Twice this year my plans to see General Elektriks were scuppered. A Monaco gig scheduled in April was canceled, and I wasn't around in July when the band played Vence's Nuits du Sud. So I had to be there, Sunday 6 November. Tickets were available on the door at 19:30, an hour before the scheduled start; 22 euros each, cash only.
Fontvieille is pretty dead at that time on a Sunday, but Espace Léo Ferré has a bar selling beer and bottles of water. There's no audience seating, just a few tall bar tables for leaning against and a couple of larger, round tables with chairs. Me and the Other Half take a seat and scan the room. The stage is lit by a single spot, illuminating a fabulous, battered red Hohner Clavinet C. Blue light casts an unworldly glow over the rest of the hall.
At 20:20 the crew is milling around and music fans are chatting. It's obvious we're not working to Anglo-Saxon time and the gig won't start before 21:00. When it does, it's all very casual. There's no grand announcement welcoming the brilliant, amazing General Elektriks, and no surge of bodies towards the front. Nevertheless, we hoot and shout and applaud as the band takes to the stage, dressed in white as usual. Hervé RV Salters wears his red striped tie and has a couple of pens in his shirt pocket. He looks like a trendy chemistry teacher.

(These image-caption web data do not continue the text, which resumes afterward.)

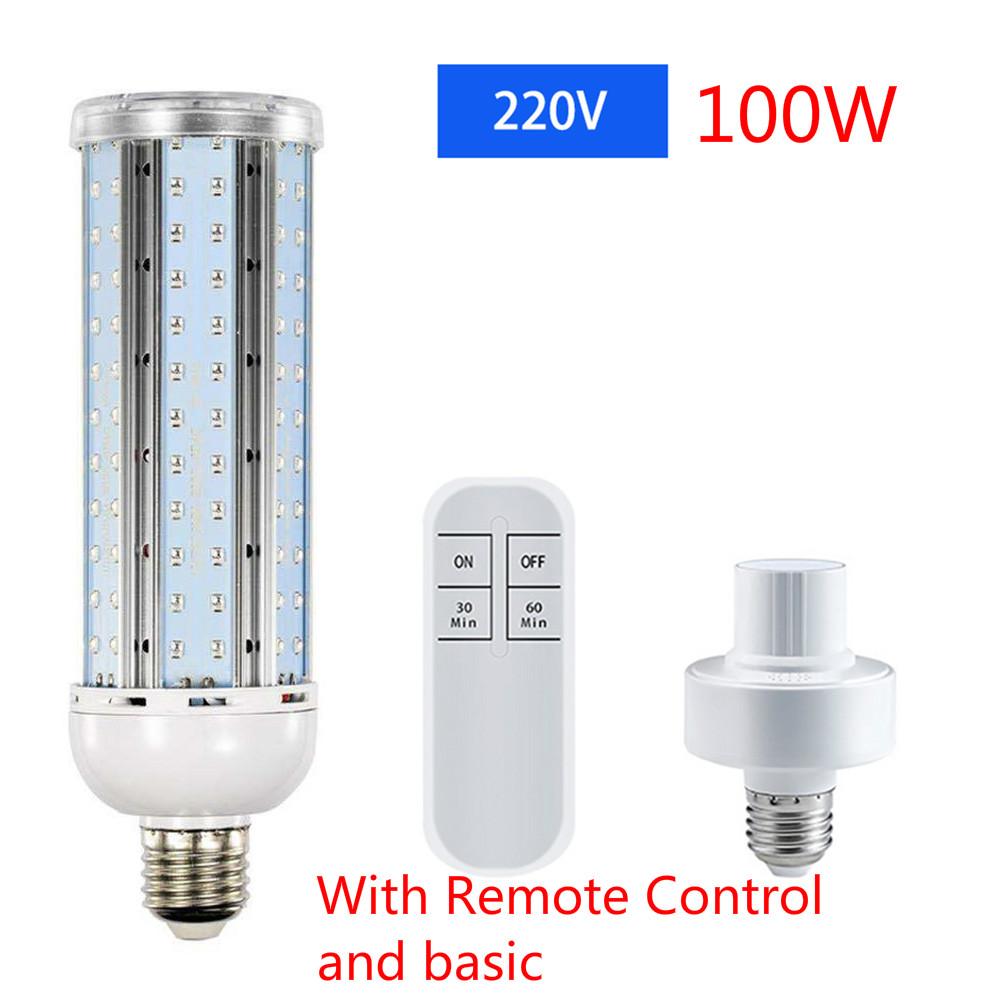 40/60/100W UV Germicidal Light Led UVC Light Bulb E27 Germicidal Lamp Remote Control Timing Killing Virus Mite Bacteria Kill Gem: A SET 220V 100W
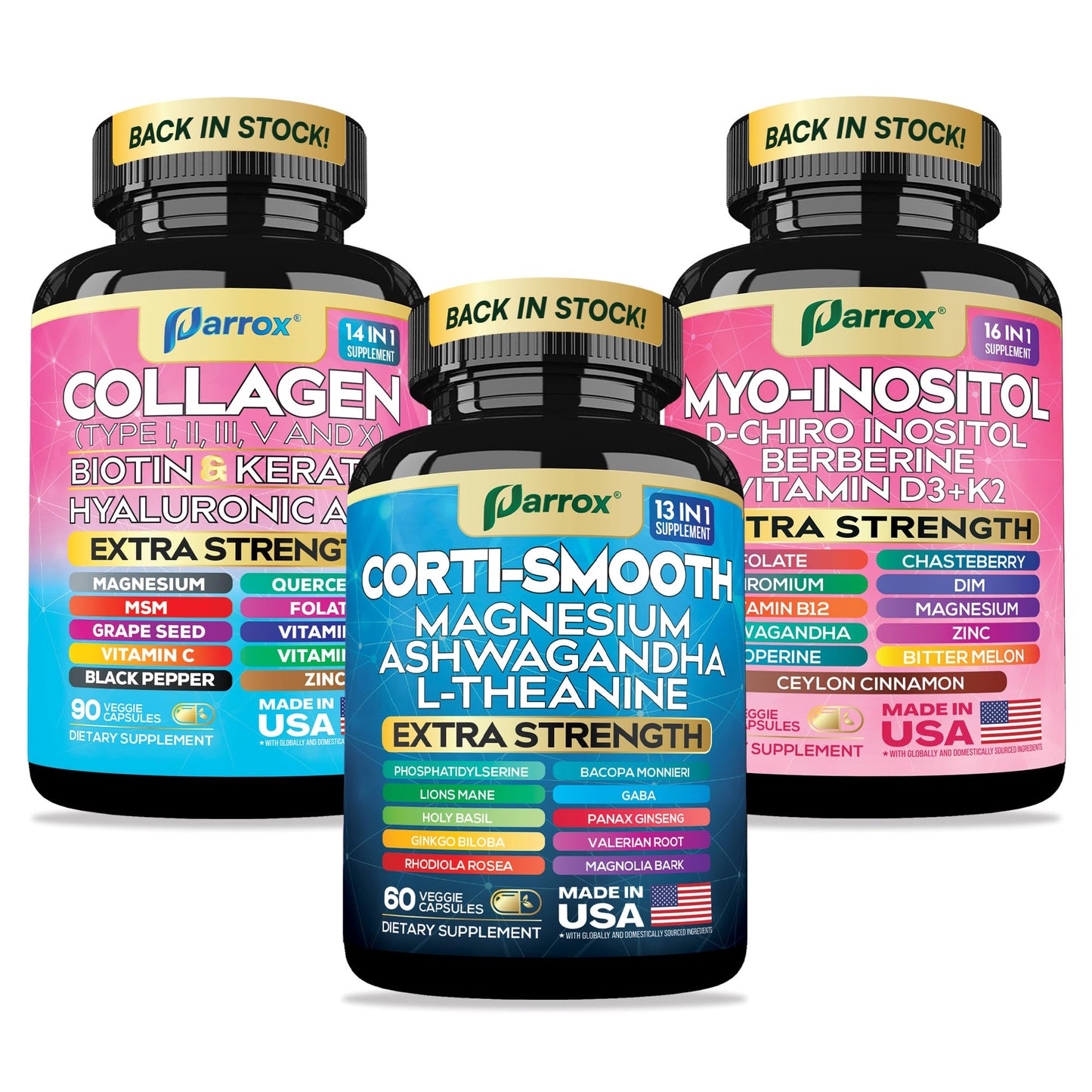 Parrox She Shines Set – Collagen Peptides, Cortisol Support & Inositol Bundle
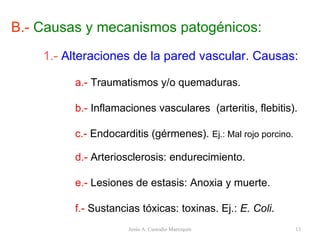 B.-  Causas y mecanismos patogénicos: 1.-   Alteraciones de la pared vascular. Causas: a.-  Traumatismos y/o quemaduras. b.-  Inflamaciones vasculares  (arteritis, flebitis). c.-  Endocarditis (gérmenes).  Ej.: Mal rojo porcino. d.-  Arteriosclerosis: endurecimiento. e.-  Lesiones de estasis: Anoxia y muerte. f.-  Sustancias tóxicas: toxinas. Ej.:  E. Coli . Jesús A. Custodio Marroquín 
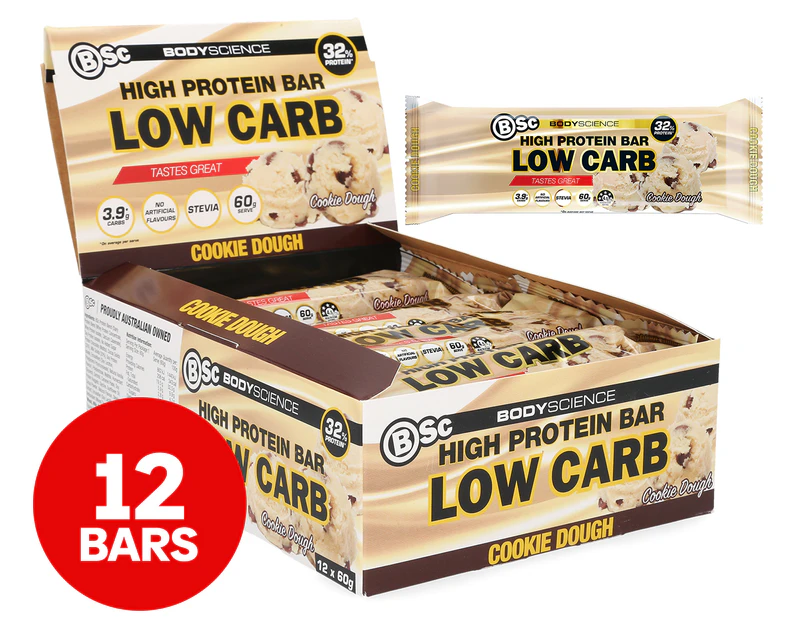 12 x BSC High Protein Low Carb Bar Cookie Dough 60g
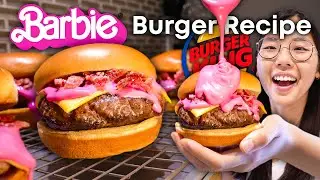 Barbie Burger RECIPE 🍔 (The Viral BARBIE MOVIE Burger King Meal!)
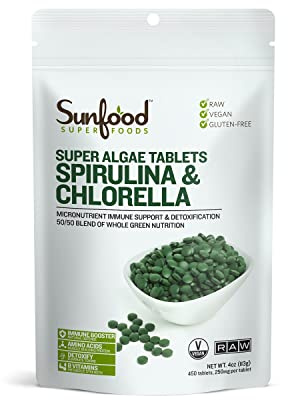 Sunfood Superfoods Chlorella Spirulina Tablets - Spirulina and Chlorella Green Algae Tablets for Women & Men, Source of Chlorophyll, B Vitamins, and Protein, Broken Cell Wall, Vegan - 4 oz Bag
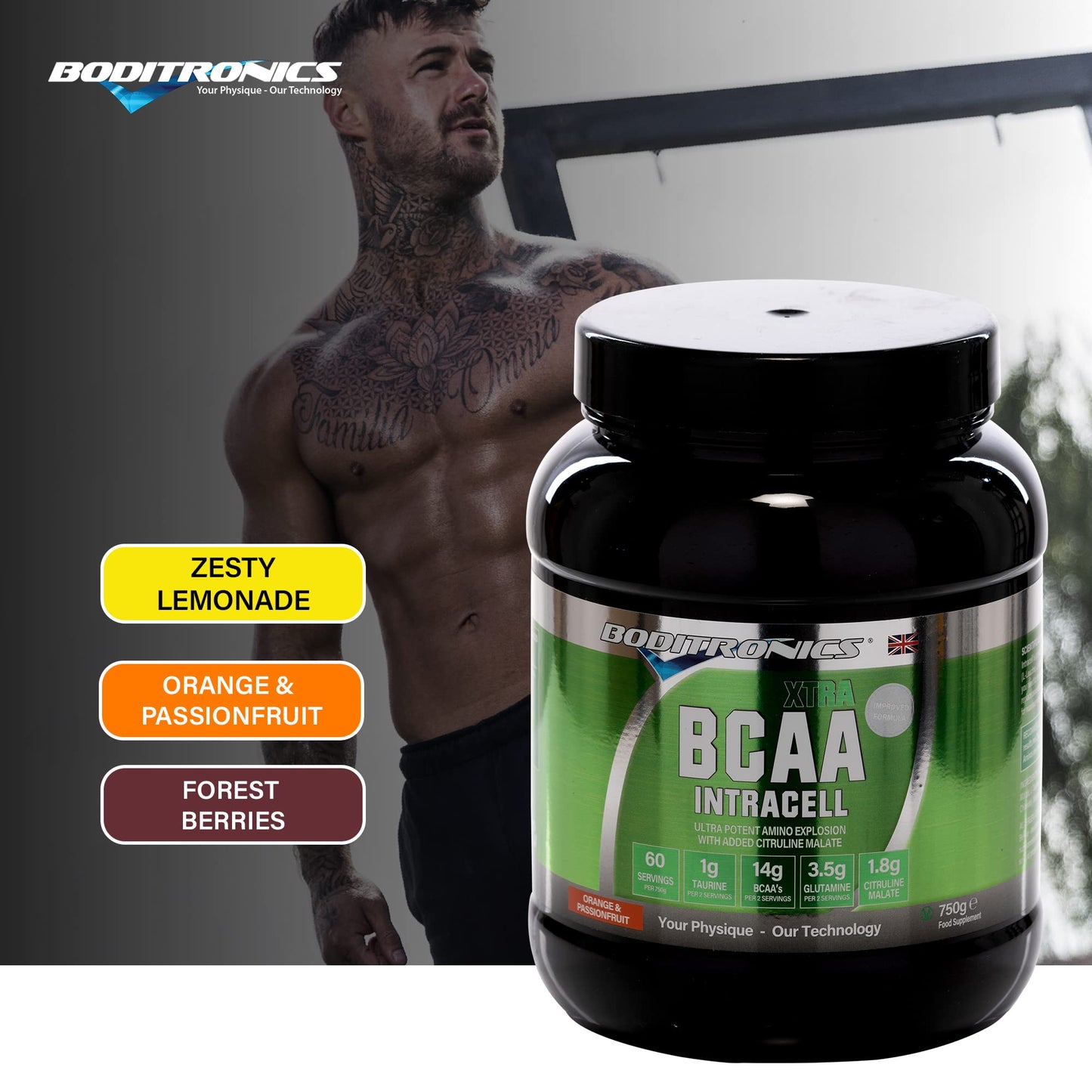Boditronics BCAA Intracell Xtra Intra Workout Protein Powder, Branched Chain Amino Acid Supplement Boditronics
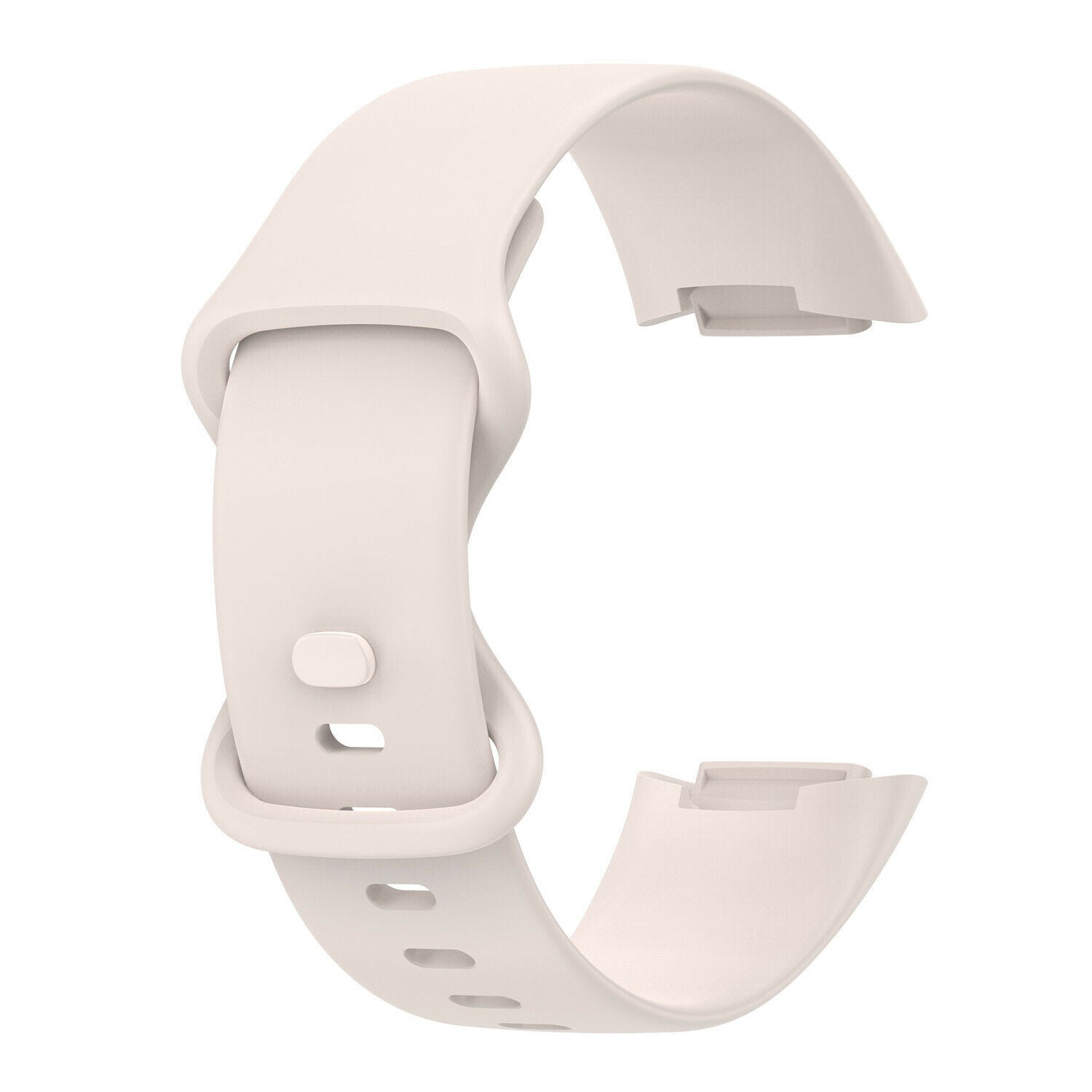 Ein hellbeige Smartwatch-Armband, abgenommen, gebogen. Es hat eine Schnalle und einen Stift sowie zwei Befestigungspunkte für die Uhr.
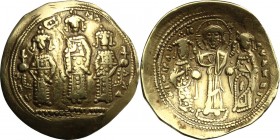 Romanus IV, Diogenes (1068-1071). AV Histamenon Nomisma, Constantinople mint. D/ The three sons of Constantine X and Eudocia, standing facing: Michael...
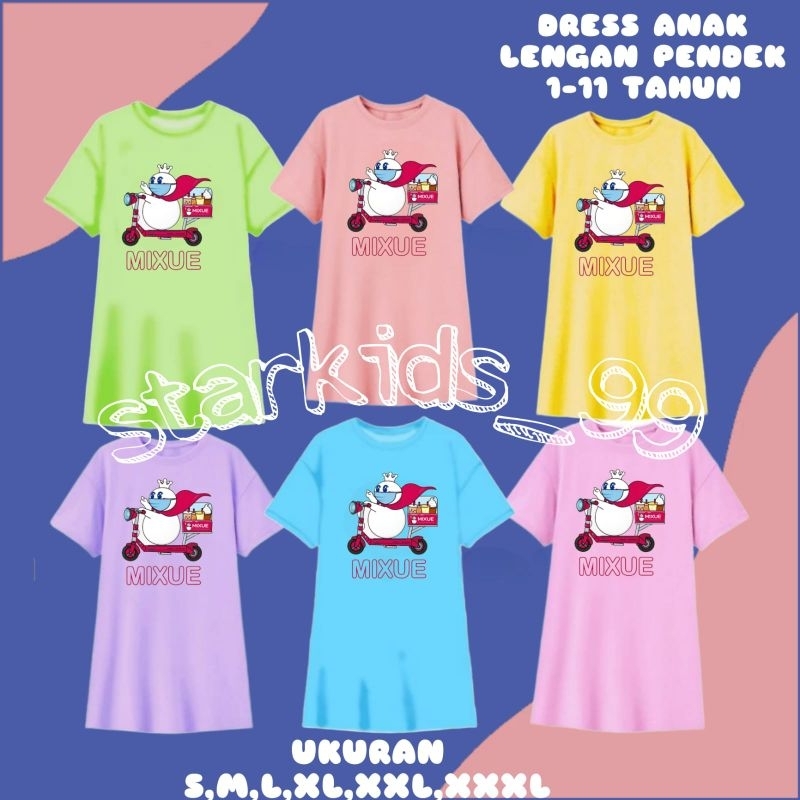 BAJU DASTER ANAK PEREMPUAN 1-11TAHUN MIXUE SCOOTER VIRAL KEKINIAN//DASTER ANAK SANTAI MURAH READY 6WARNA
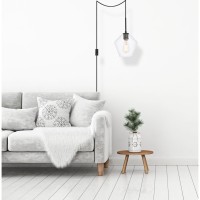 Gene 1 Light Black And Clear Glass Plug-In Pendant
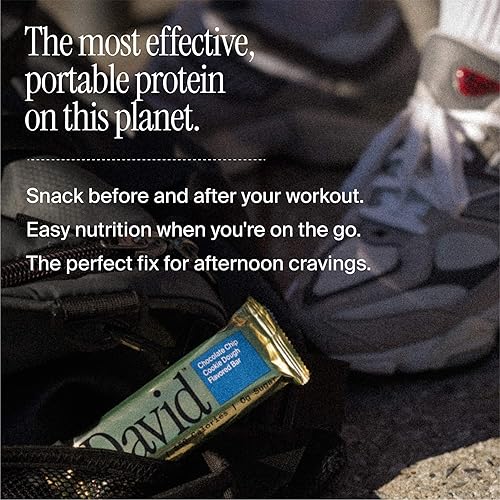 David Sugar-Free High Protein Bars - Low Carb, Gluten-Free Snack - 28g Protein, 150 Calories - Salted Peanut Butter Flavor - Pack of 12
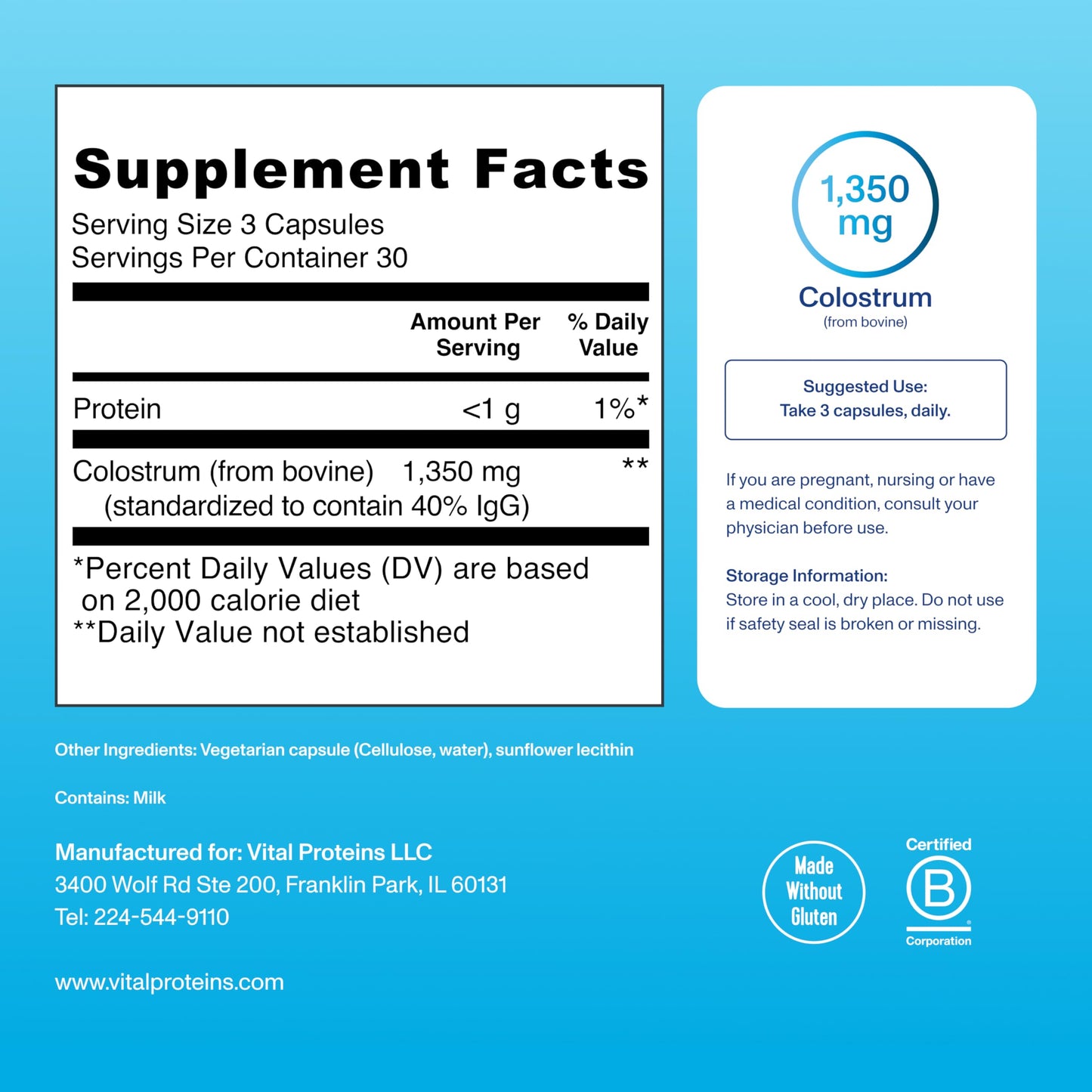 Vital Proteins Bovine Colostrum Supplement Capsule 90 Count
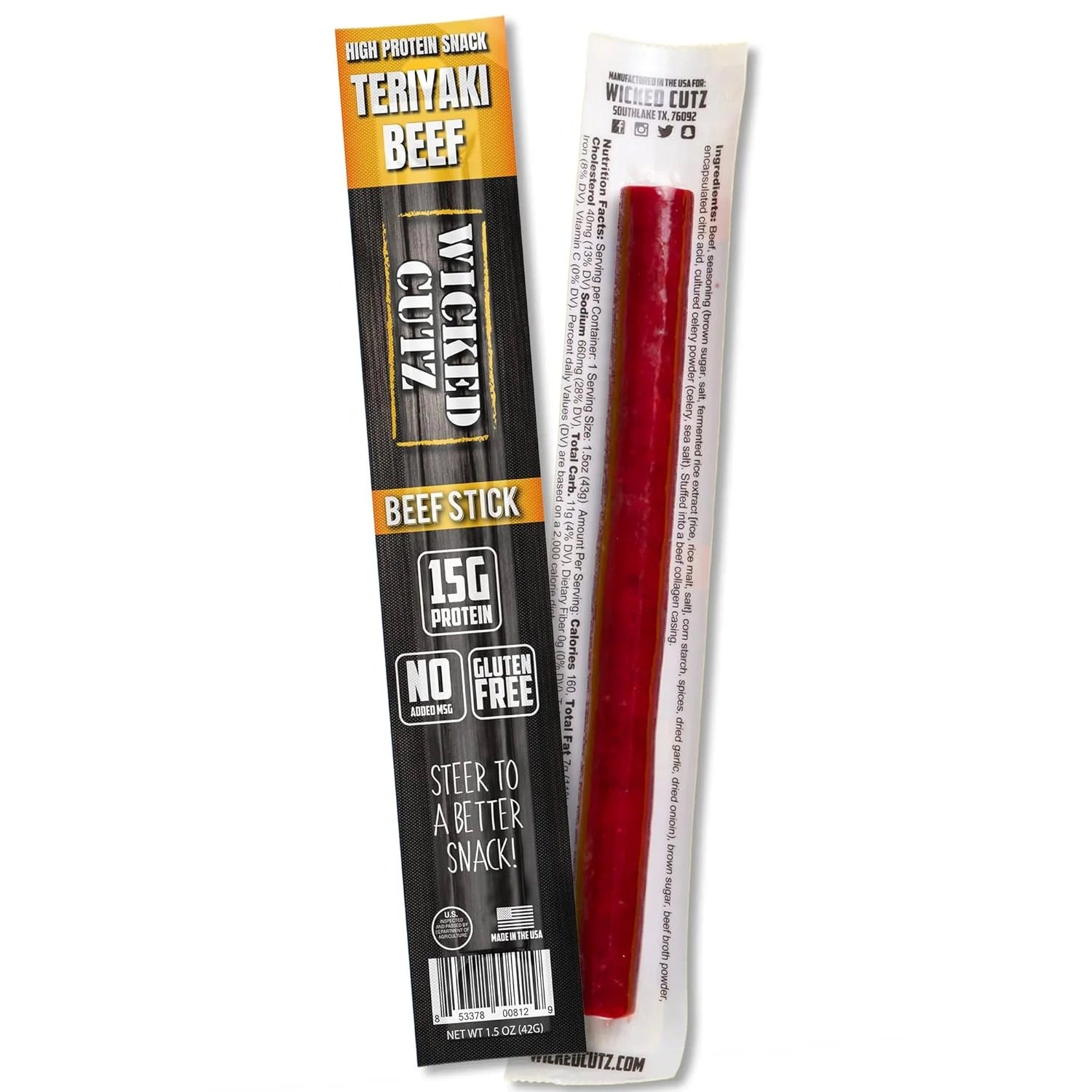 Wicked Cutz Premium Beef Jerky Sticks, High Quality, Protein-Rich, Teriyaki, 1.5 oz, 12-Pack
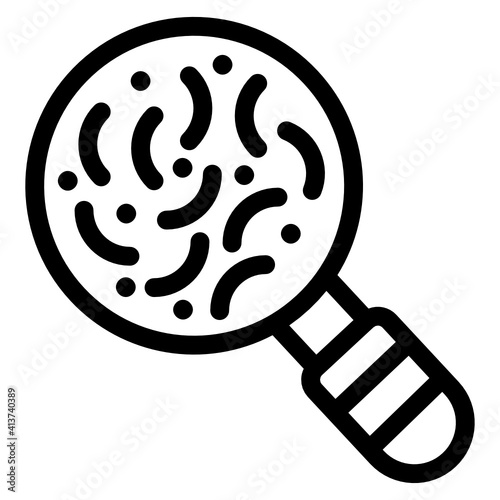
Bacteria under magnifying glass, search germs icon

I'm not going to give you the running order. We're a couple of tunes in before I remember I'm going to blog about the gig. There's always a choice to be made between recording details and just having a bloody good time, and I choose the latter.
The new album's eponymous track, Party Like a Human is played early on. It's catchy, a floor-filler, and has a line that everyone can sing along to. Watching RV's footwork I'm thinking he'd do a fine Charleston on Strictly (Danse avec les stars in France).
Seeker is another track from the current opus. It includes the line "Doin' what you do, you just don't care", which nicely reflects how RV has defined the album; "Faire face à notre vide existentiel tout en dansant" (facing our existential emptiness while dancing). The music isn't just funky, it's rocky too.
Similarly, Take Back the Instant (Good City for Dreamers album, 2009). It starts with a driving keyboard riff and ends with a minute's worth of guitar solo that no rock fan could resist playing along to on air guitar. Starczan's final flourish is to run his fret board across the mic stand. Phew!
My last choice is Angle Boogie (To Be A Stranger album, 2016) which is irresistibly boppy. The opening motif is deliciously distorted by the keyboard and so catchy that it's still a worm in my ear
We reach the end of the set and RV urges us to clap and cheer for the band. We peak too early and Chaton has to run to the front to raise some noise for RV, the man behind the music. It's not quite over tho'. We know and they know that they're never gonna get out without playing Tu M'Intrigues. A voice shouts "Tu m'in..." and soon we're all chanting "Tu m'in... Tu m'in... Tu m'in..." The crowd roars as RV and the band return for one last track, the one that everyone knows, the one that amazes me just as much now as it did all those years ago at the 2004 Nice Jazz Festival.